_Extracted records_:
========================================================================
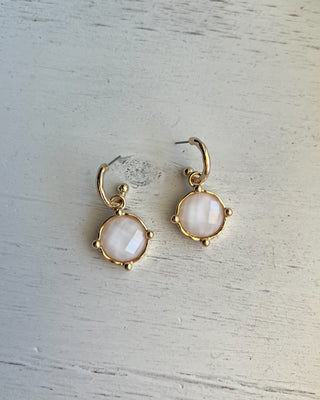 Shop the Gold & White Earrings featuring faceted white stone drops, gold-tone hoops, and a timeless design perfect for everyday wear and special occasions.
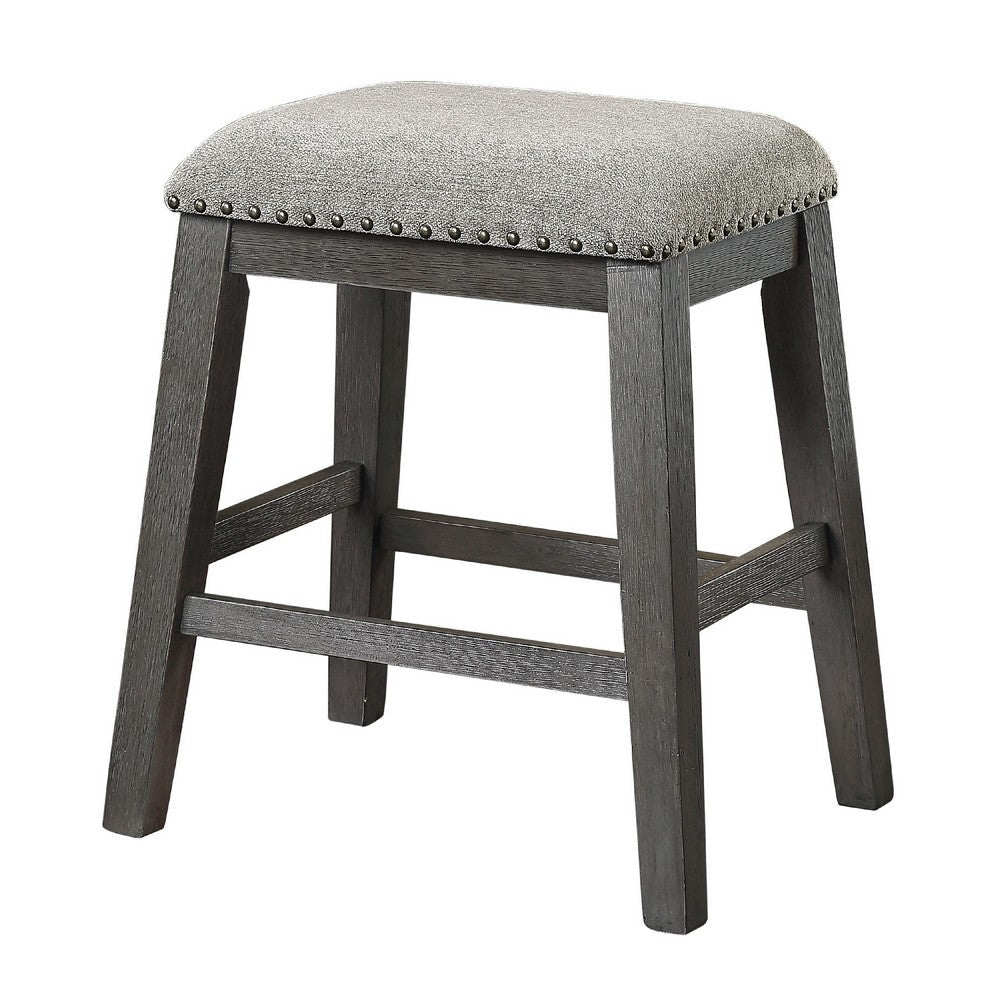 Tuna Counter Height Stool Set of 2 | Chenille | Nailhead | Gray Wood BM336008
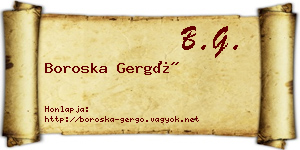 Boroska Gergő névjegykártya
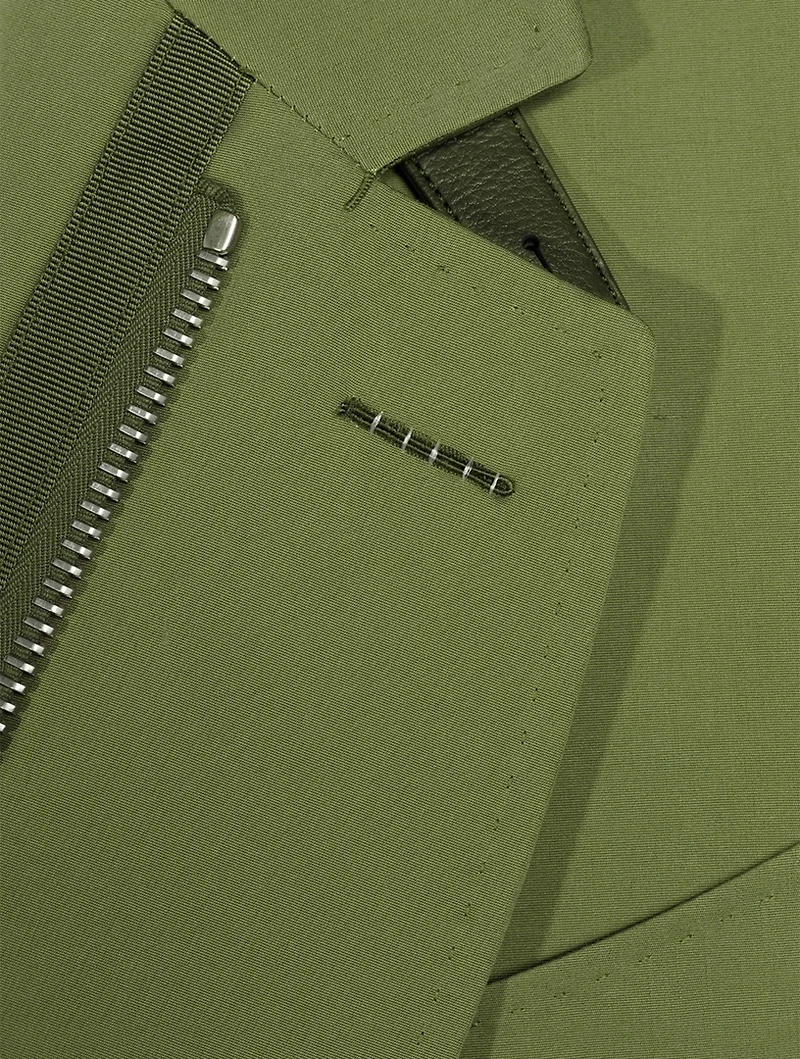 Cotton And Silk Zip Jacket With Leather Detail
========================================================================
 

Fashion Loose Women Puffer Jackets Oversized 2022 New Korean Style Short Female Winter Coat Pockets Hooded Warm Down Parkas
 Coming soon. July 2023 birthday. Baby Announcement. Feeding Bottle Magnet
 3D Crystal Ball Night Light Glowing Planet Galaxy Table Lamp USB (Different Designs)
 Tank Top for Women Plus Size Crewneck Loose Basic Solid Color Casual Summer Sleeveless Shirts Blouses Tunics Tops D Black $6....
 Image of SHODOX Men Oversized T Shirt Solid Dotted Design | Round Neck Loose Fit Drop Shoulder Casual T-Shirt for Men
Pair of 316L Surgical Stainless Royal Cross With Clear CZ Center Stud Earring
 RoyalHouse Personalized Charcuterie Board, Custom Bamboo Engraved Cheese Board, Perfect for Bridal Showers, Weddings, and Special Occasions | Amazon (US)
========================================================================
_Assignment_: What you give back should be exactly the lines of the data above from the line with "Image of SHODOX" through the line with "RoyalHouse Personalized Charcuterie", both of those included, and nothing more.

_Solution_:
 Image of SHODOX Men Oversized T Shirt Solid Dotted Design | Round Neck Loose Fit Drop Shoulder Casual T-Shirt for Men
Pair of 316L Surgical Stainless Royal Cross With Clear CZ Center Stud Earring
 RoyalHouse Personalized Charcuterie Board, Custom Bamboo Engraved Cheese Board, Perfect for Bridal Showers, Weddings, and Special Occasions | Amazon (US)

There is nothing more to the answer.